Add a ground bar kit. Move as many bare ground wires to it to free up neutral slots. ONE wire per slot for neutral connections.

I would not twist them. If you ever have to relocate one, it will be a big thing to undo all that twisting ... (just sayin') ...

TarheelTerp 07-07-2012 06:38 PM

Quote:

Originally Posted by simanco (Post 960219)
Why someone would make a 40 circuit panel with only 20 connectors each for neutral and ground is beyond me.

Because the neutral and ground can be under the same screw.
But I'll also suggest that you get an additional ground bar to keep it neater...
just don't separate it from the others.

k_buz 07-07-2012 06:46 PM

The bars aren't specifically 1 for grounds and 1 for neutrals. Main panels grounds and neutrals go to the same bars and likely that the two bars are bonded to each other. So, you have 40 spaces for grounds and neutrals not 20 spaces for grounds and 20 spaces for neutrals. Also, keep in mind that all circuits don't have grounding conductors, in fact, many use the metal raceway (EMT) as the ground path.

kbsparky 07-07-2012 06:53 PM

Quote:

Originally Posted by TarheelTerp (Post 960246)
Because the neutral and ground can be under the same screw...

No they can't! See section 408.41

simanco 07-07-2012 07:14 PM

Thanks all, for clarifying.

Jim

simanco 07-09-2012 11:50 PM

To clarify something . . .

I picked up a ground bar kit - bar and two mounting screws. It's branded for my panel so I anticipate no problems screwing it into the existing holes.

The question is, "do I need to do anything Other Than attach it to the panel?" As I understand it, mounting it directly to the panel provides this bar's connection to ground and no grounding wire needs to be run from the existing bar to this one, correct?

Just making sure...

Thanks again,
Jim

kontoose 07-10-2012 02:01 AM

Right. The code changed... The conduit always used to accepted as the "equipment" ground, but no more - (sniffle...):(

Jim Port 07-10-2012 05:08 AM

Quote:

Originally Posted by kontoose (Post 962083)
Right. The code changed... The conduit always used to accepted as the "equipment" ground, but no more - (sniffle...):(

Oh really? The NEC still recognizes metallic conduit as a grounding means.

stickboy1375 07-10-2012 05:57 AM

12 Attachment(s)
Quote:

Originally Posted by kontoose (Post 962083)
Right.
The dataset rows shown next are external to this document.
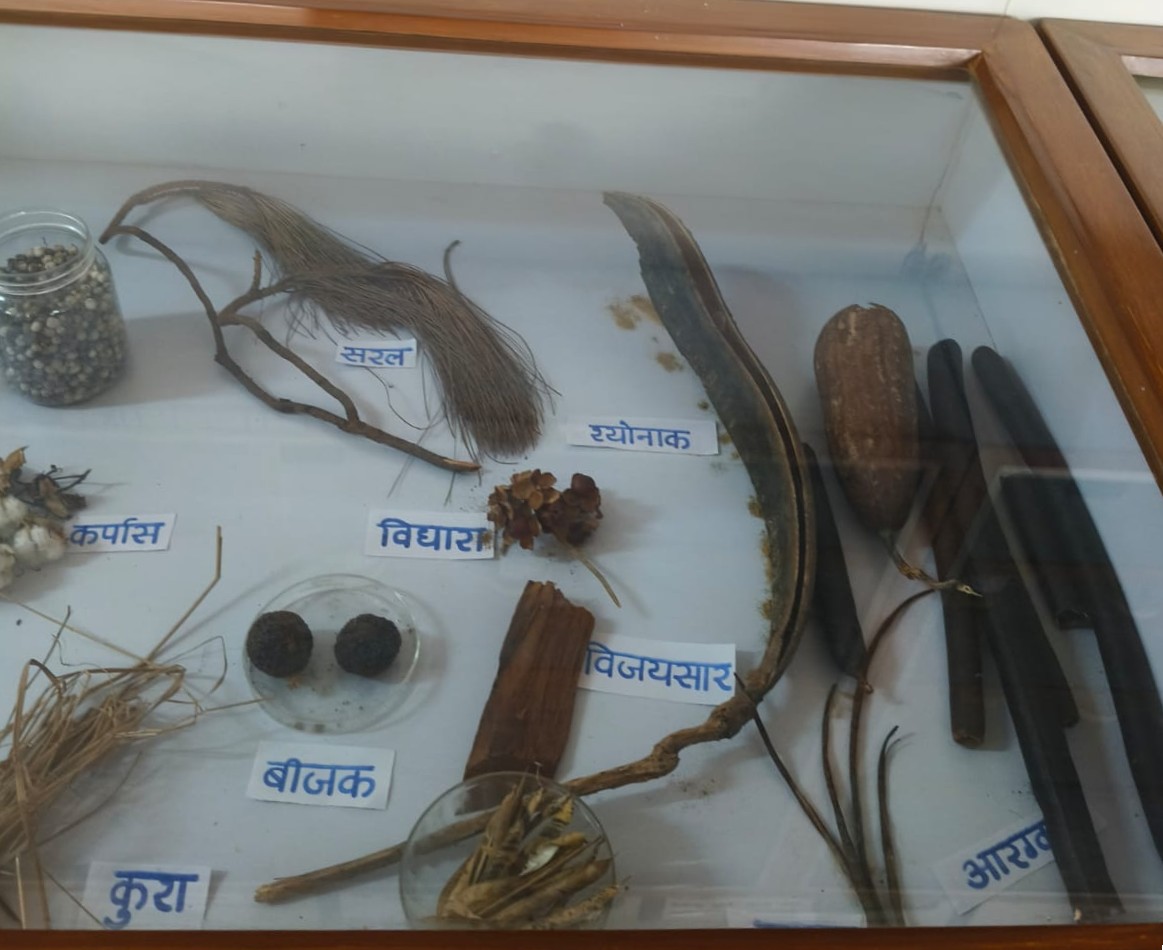 Department of Dravyaguna Vigyan - Lab 2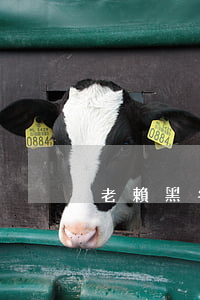 老賴黑名單(老賴黑名單是永久的嗎)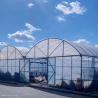 Buy cheap Film Cover Agriculture Multi Span Greenhouse for Vegetable/Crop/Flower/Fruit Planting from wholesalers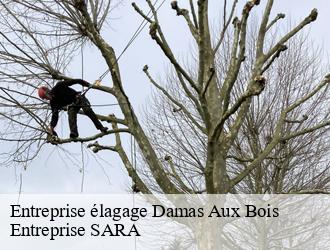 Entreprise élagage damas-aux-bois-88330 Entreprise SARA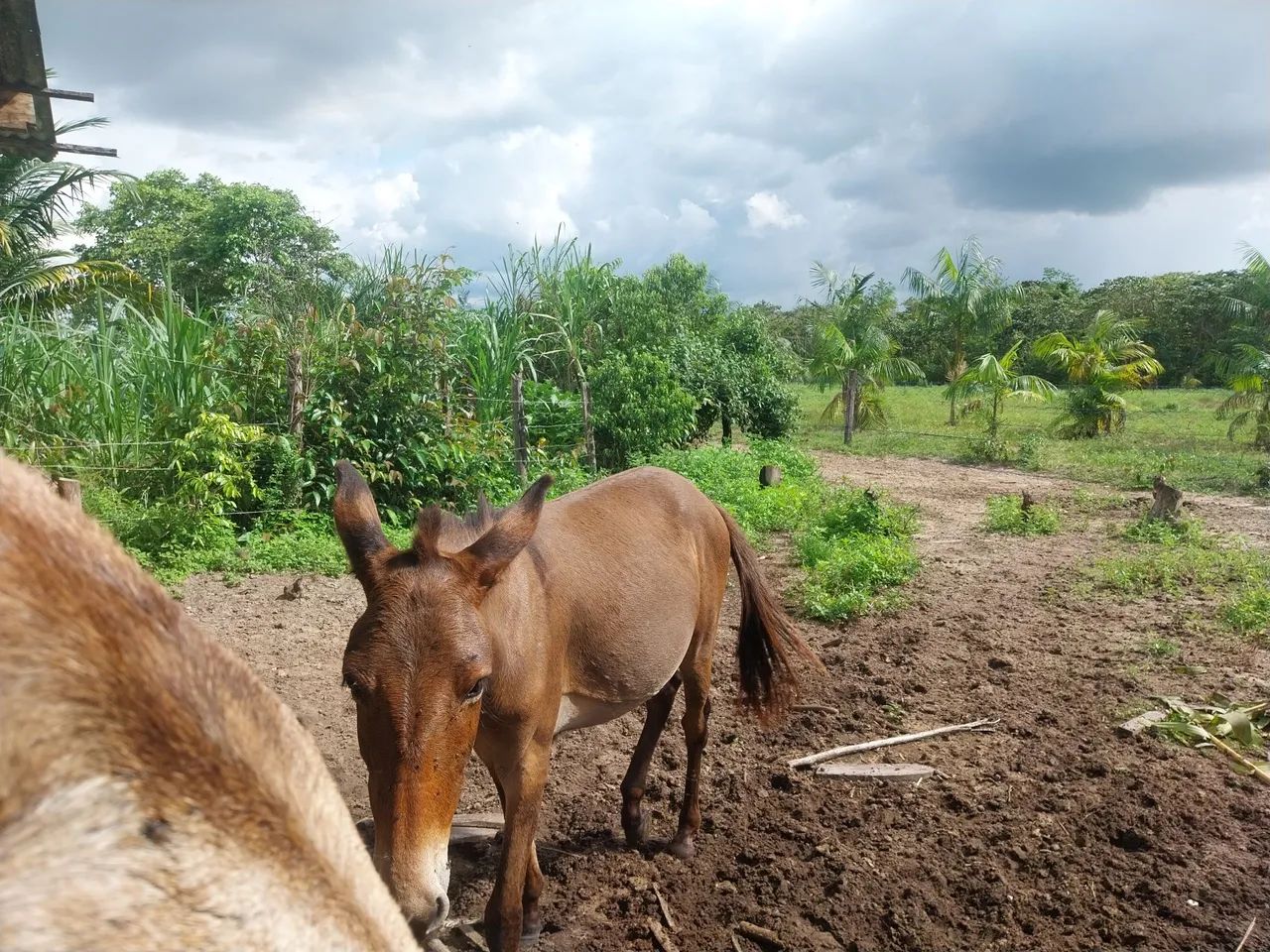 Burro para venda com idade de 1 ano e 9 meses - Foto 2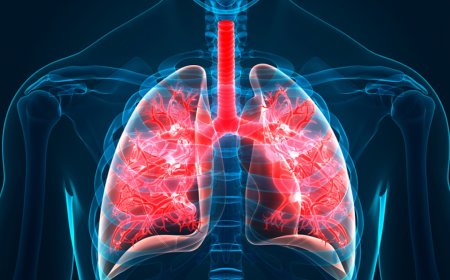 Idiopathic Pulmonary Fibrosis Market Size, Trends, and Strategic Outlook 2025-2032
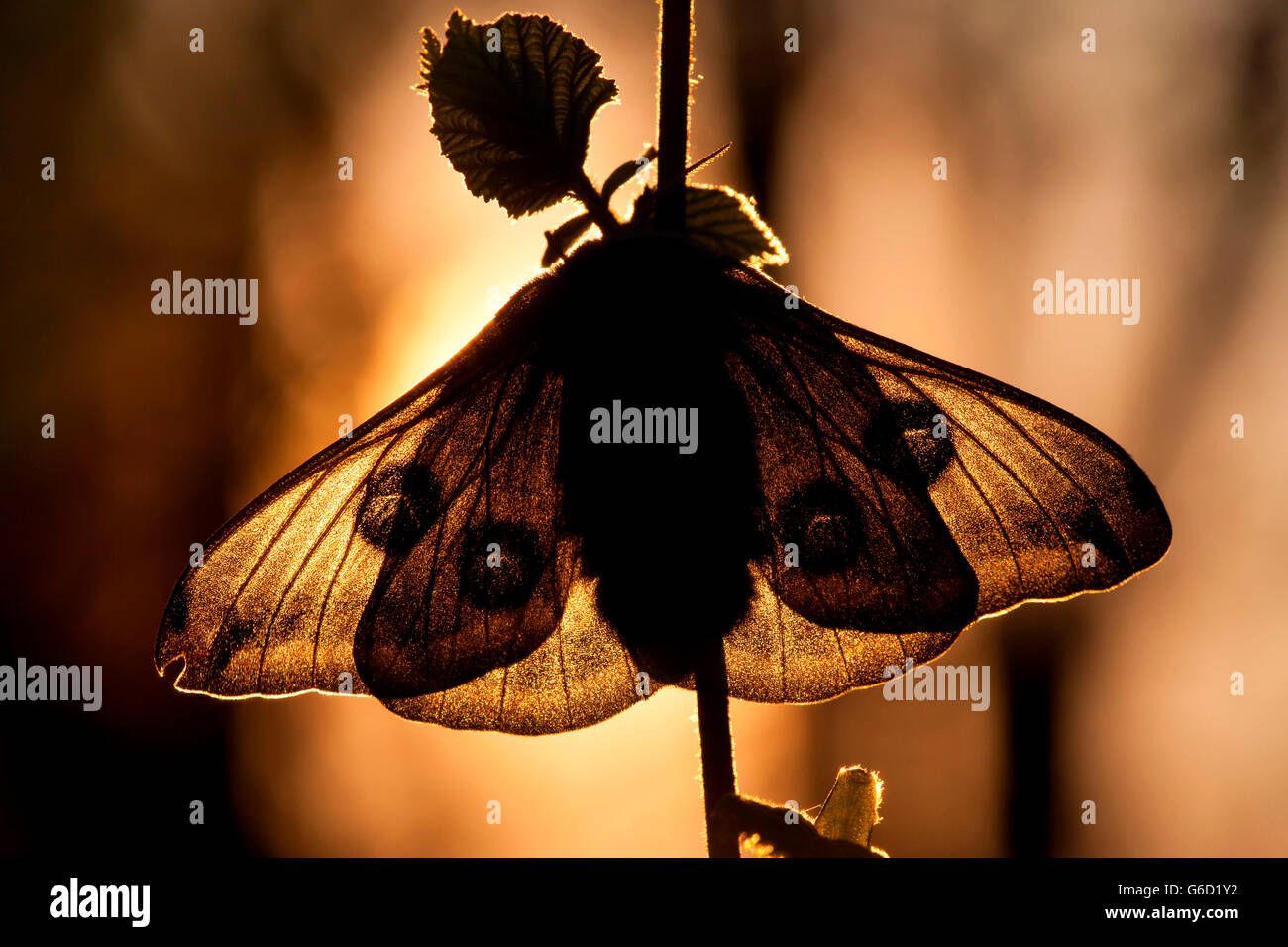 Small Emperor Moth, Germany / (Saturnia pavonia Stock Photo - Alamy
The code changed... The conduit always used to accepted as the "equipment" ground, but no more - (sniffle...):(

Does anyone actually still own a codebook, or is everything just hearsay these days?
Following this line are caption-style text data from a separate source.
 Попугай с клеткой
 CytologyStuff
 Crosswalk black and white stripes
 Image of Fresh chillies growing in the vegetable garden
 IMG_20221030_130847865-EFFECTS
kontoose 07-11-2012 12:18 AM

Sorry...In California, the conduit is no longer allowed to be used as equipment ground - but California is always ahead of the game - just like in football, I guess...:)

Jim Port 07-11-2012 07:25 AM

Quote:

Originally Posted by kontoose (Post 962927)
Sorry...In California, the conduit is no longer allowed to be used as equipment ground - but California is always ahead of the game - just like in football, I guess...:)
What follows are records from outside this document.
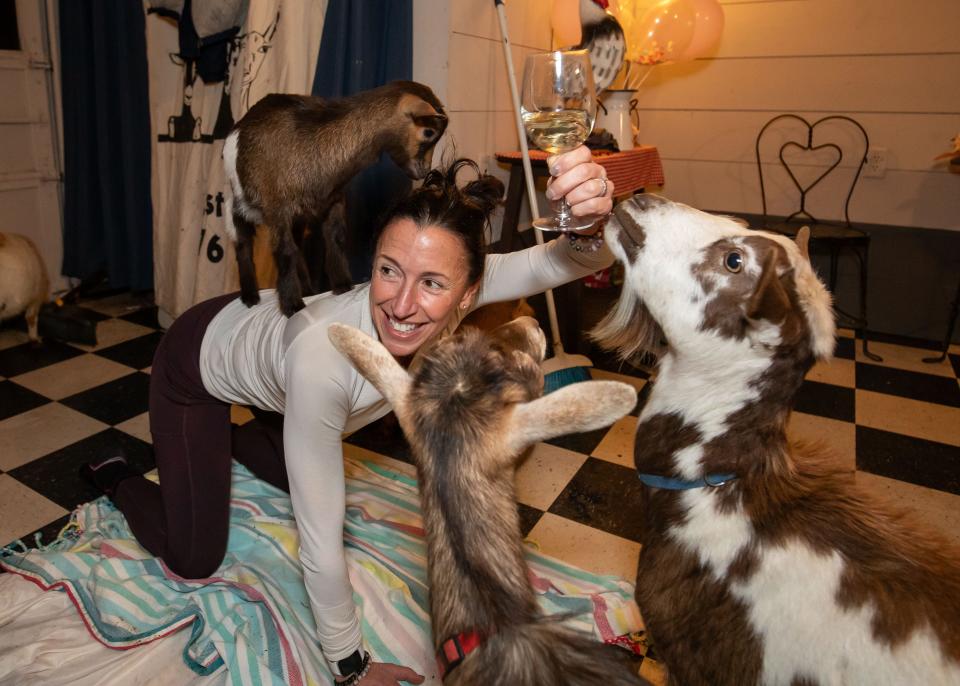 Laura Azevedo of Stratham performs yoga while drinking a glass of white wine and entertaining three goats at the Wine-yasa Goat Yoga night at Legacy Lane Farm in Stratham.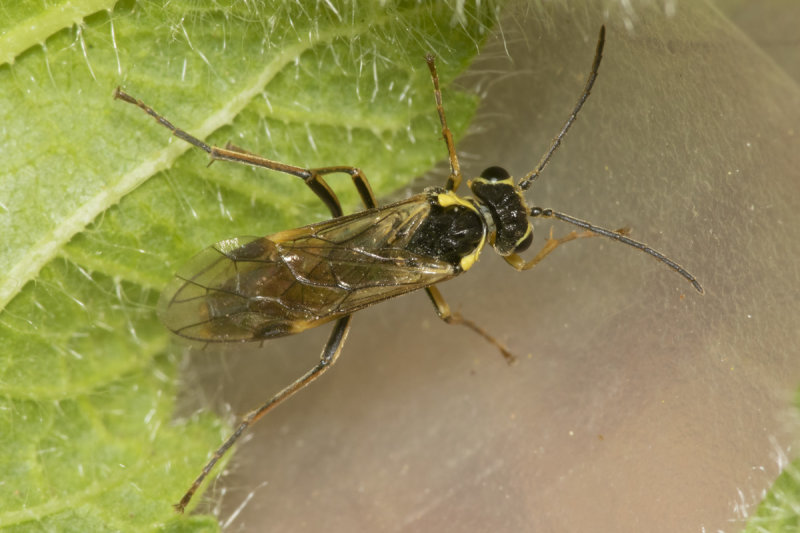 Sawfly - Aglaostigma fulvipes 27-04-21 top.jpg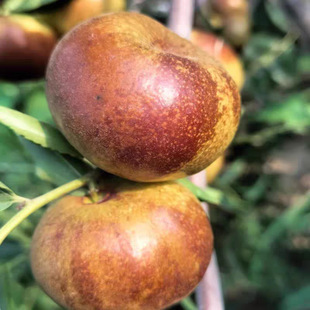 󴗗����簫��������󴗗����������������ϱ����Nֲ�������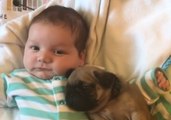 Cute Baby Shares Special Moment With His Pug Pal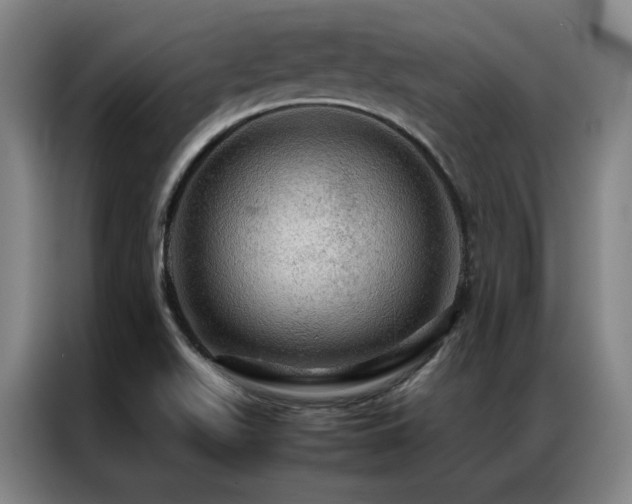 X0000087371511200704201219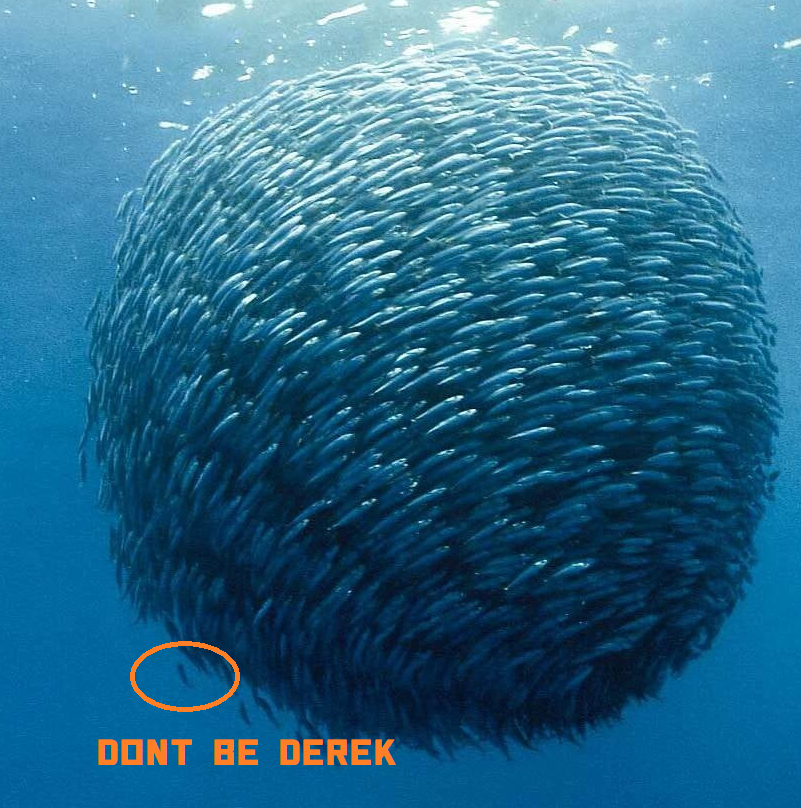 1740404416619.png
It would be helpful if you added where these code changes apply. Not everyone here lives or follows the California electrical code. I don't know why you would even put something out there from the CEC unless the OP was from California.

k_buz 07-11-2012 09:57 AM

Quote:

Originally Posted by kontoose (Post 962927)
Sorry...In California, the conduit is no longer allowed to be used as equipment ground - but California is always ahead of the game - just like in football, I guess...:)

I would like to see the exact code rule on this.

k_buz 07-11-2012 10:07 AM

I decided to look it up myself...

From the 2010 CEC based on the NEC 08

feel free to look it up yourself ( http://ia700503.us.archive.org/20/it...title24_03.pdf ) page 232

Quote:

358~60 Grounding. EMT shall be permitted as an
equipment grounding conductor
If this isn't the correct cycle for the CEC or there has been an added amendment, please point out a specific citation, because right now, all I see is a bunch of nonsense from you without anything to back it up.

jbfan 07-11-2012 11:12 AM

Quote:

Originally Posted by stickboy1375 (Post 962109)
Does anyone actually still own a codebook, or is everything just hearsay these days?

Why spend money on a code book, when sooner or later someone will give you the answer you are looking for, right or wrong!